DECISÃO: Em face da decisão por mim proferida na Pet 4.848/DF, de que fui Relator, e com apoio nas razões dela constantes (DJe nº 251/2010, publicado em 01/02/2011), determino a reautuação desta ação de “habeas corpus”, em ordem a que não continue a tramitar em regime de sigilo.

2. Trata-se de “habeas corpus”, com pedido de medida liminar, impetrado contra decisão monocrática emanada de eminente Ministro do E. Superior Tribunal de Justiça (AREsp 1.552.457/SP).

Busca-se, em sede cautelar, seja deferida medida liminar, para “manter a decisão do Conselho de Sentença, que absolveu o paciente”, ou, subsidiariamente, para determinar seja “suspenso o julgamento do processo de origem”.
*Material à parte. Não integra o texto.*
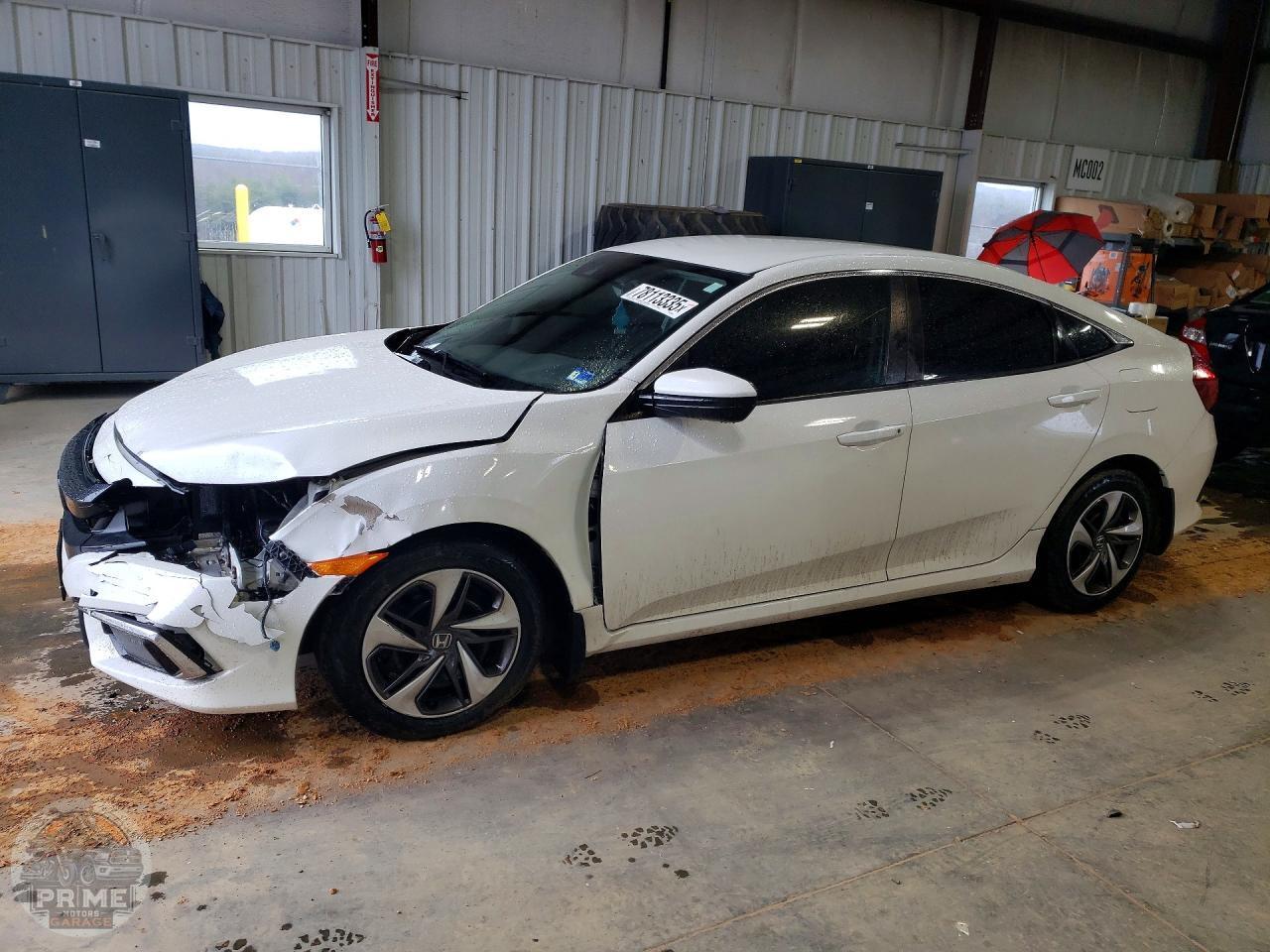 2020 HONDA CIVIC — фото 1
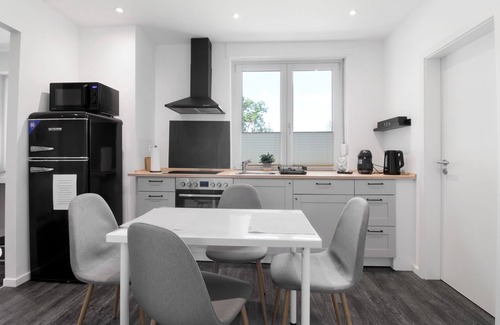 Brockenscheidt Apartment | Central & modern apartment in Waltrop - excellent connections to Dortmund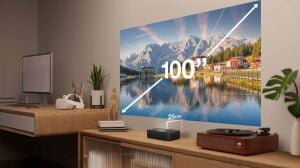 Optoma Photon Go Ultra Kısa Mesafe Taşınabilir Projeksiyon Cihazı - PH31UST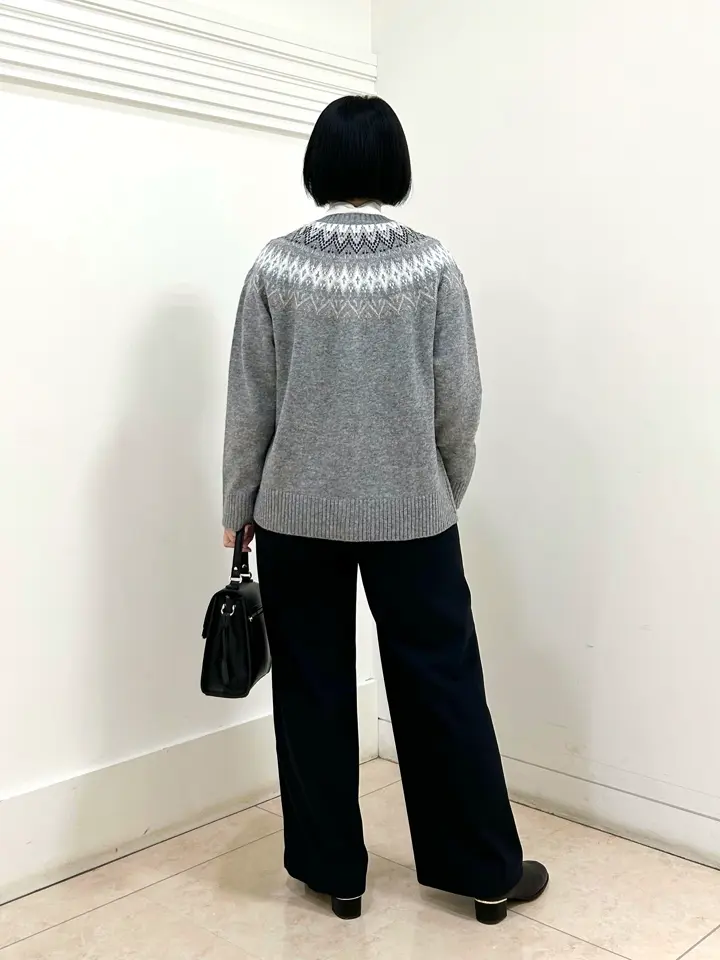 J.PRESS LADIES 茂木 コーディネート画像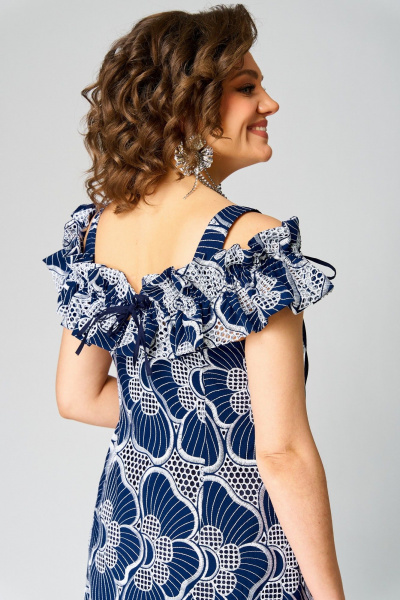 Платье Angelina & Сo 1222 - фото 8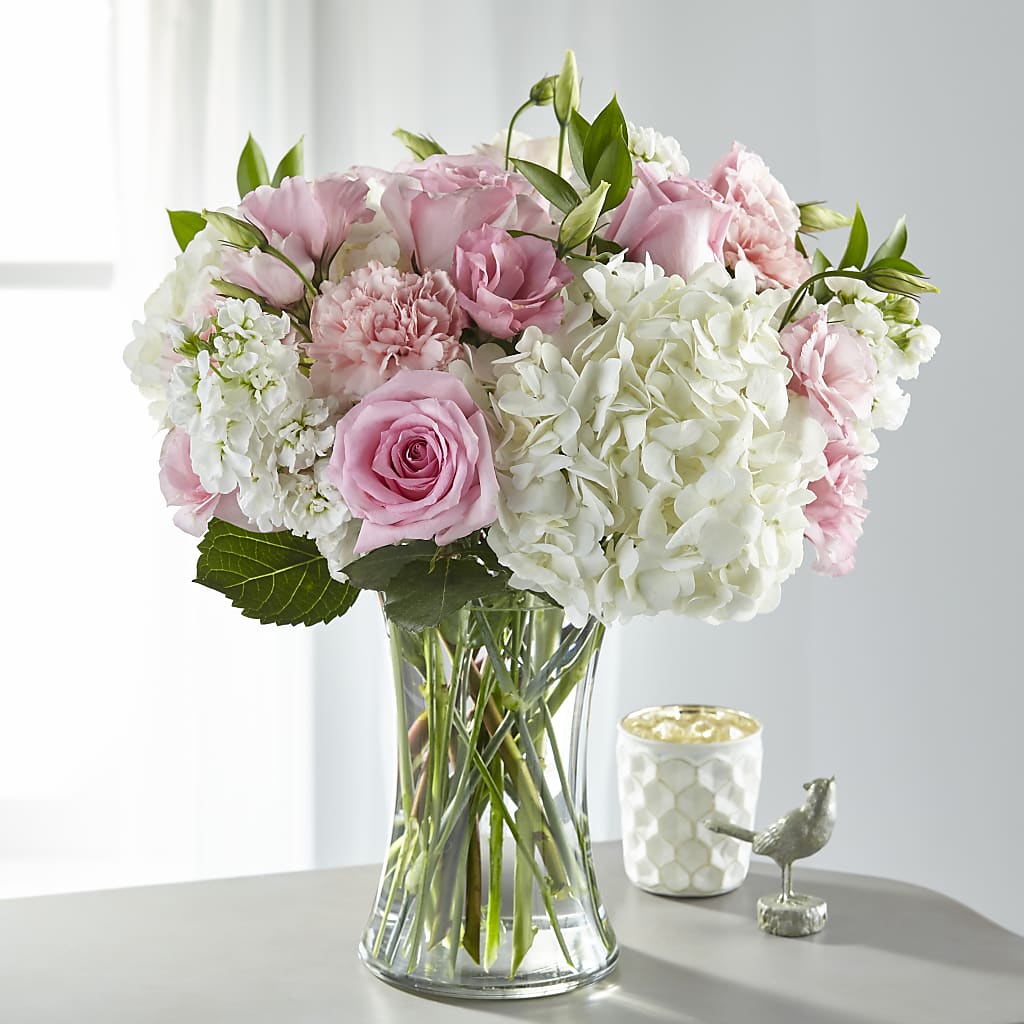 Guiding Grace Bouquet – All About Flowers, Bellingham WA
A parte ora impetrante sustenta, em síntese, para justificar sua pretensão cautelar, o que se segue:

“O paciente foi absolvido da prática de crime de homicídio qualificado, por maioria dos votos (4x1), conforme a Sessão Plenária realizada dia 14 de fevereiro de 2017.

O representante do Ministério Público interpôs recurso de apelação postulando a anulação do julgamento, sustentando que o veredicto foi tomado de forma manifestamente contrária à prova constante dos autos.

O Egrégio Tribunal de Justiça do Estado de São Paulo, por sua 5ª Câmara de Direito Criminal, deu provimento ao recurso da acusação para determinar a submissão do acusado a novo julgamento.

(…) Na visão da Defesa, violou-se a soberania dos veredictos,

pois os Exmos. Jurados decidiram absolver o ora paciente, por motivos variados, argumentados pela defesa ou não. Os jurados possuem ampla e irrestrita autonomia na formulação de juízos absolutórios.

A Defesa entende que os artigos 593, III, “d” e art. 483, III, e p. 2º, todos do Código de Processo Penal foram violados.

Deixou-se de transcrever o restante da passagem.